Alliance Abrahamique
L’alliance avec Abraham est « conclue » (littéralement « coupée ») en Genèse chapitre 15. Elle est « établie » ou « confirmée » en Genèse 17. Cette alliance est gracieuse, elle administre l’alliance de grâce car, avant même qu’Abraham n’ait rien fait, Dieu l’appelle, lui fait une promesse et lui donne la circoncision. En Genèse, Dieu apparait à Abraham alors qu’il dort profondément. Il coupe des animaux en deux et passe au milieu, symbolisant le fait que s’il ne respectait pas les termes de l’alliance il serait lui aussi coupé en deux.
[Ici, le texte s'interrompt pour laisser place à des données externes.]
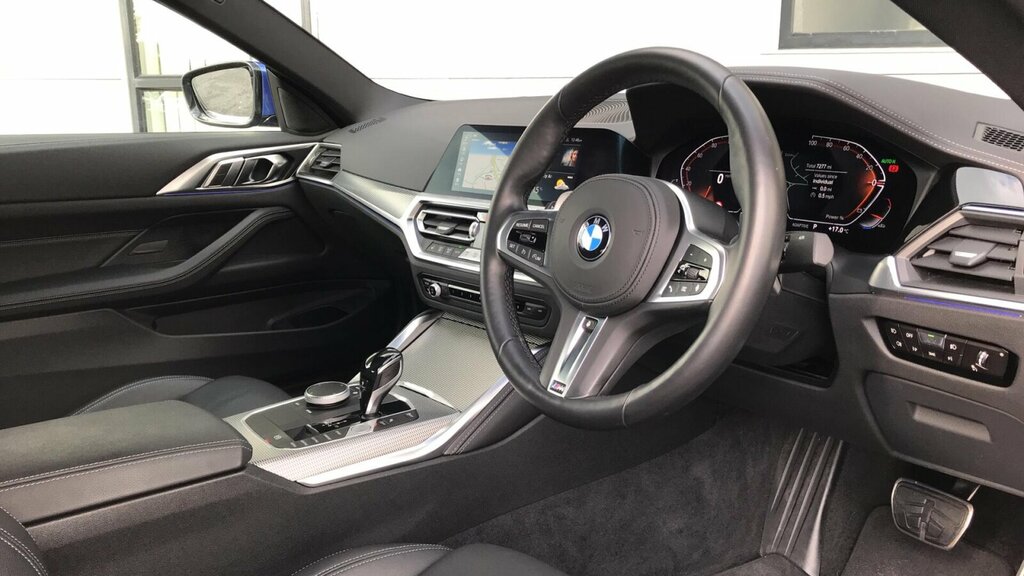 BMW 4 Series Gran Coupe 420I M Sport Coupe Blue #6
Qui se douterait qu’un jour c’est effectivement lui qui serait brisé pour que l’alliance nouvelle soit établie…
Le Nouveau Testament ne cesse de souligner que nous sommes enfants d’Abraham. Il est notre père, il a été justifié par la foi, il a vu le jour de Jésus-Christ, nous héritons des promesses qui lui ont été faite. Bref, la nouvelle alliance est l’accomplissement des promesses faites à Abraham. Pour ces raisons et d’autres encore que je ne détaille pas ici car ce livre n’est pas un traité sur les alliances, l’alliance abrahamique est considérée comme une alliance de grâce. Autrement dit, cette alliance est le moyen que Dieu utilise pour administrer sa grâce aux hommes. En fait, cette alliance est même la plus importante, celle sur laquelle toute l’histoire biblique est fondée.
Alliance Mosaïque
L’alliance mosaïque est plus complexe que l’abrahamique. En effet, d’un côté l’Écriture nous dit très clairement que celle-ci est un prolongement en quelque sorte de l’alliance avec Abraham (Ex 32 :13) et que les Juifs par ses dispositions, ses sacrifices, etc. ont été guidés vers le Christ. Les cérémonies prescrites avaient pour but, non pas d’être une fin en soi mais de pointer vers le sanctuaire céleste et vers le Christ. Pour ces raisons, et d’autres que nous verrons plus tard, cette alliance sert donc aussi à administrer la grâce aux croyants de l’Ancien Testament. Toutefois, si nous nous arrêtions ici, nous ne dirions pas toute la vérité. Dieu a choisi d’administrer sa grâce d’une façon très particulière, en donnant la Loi.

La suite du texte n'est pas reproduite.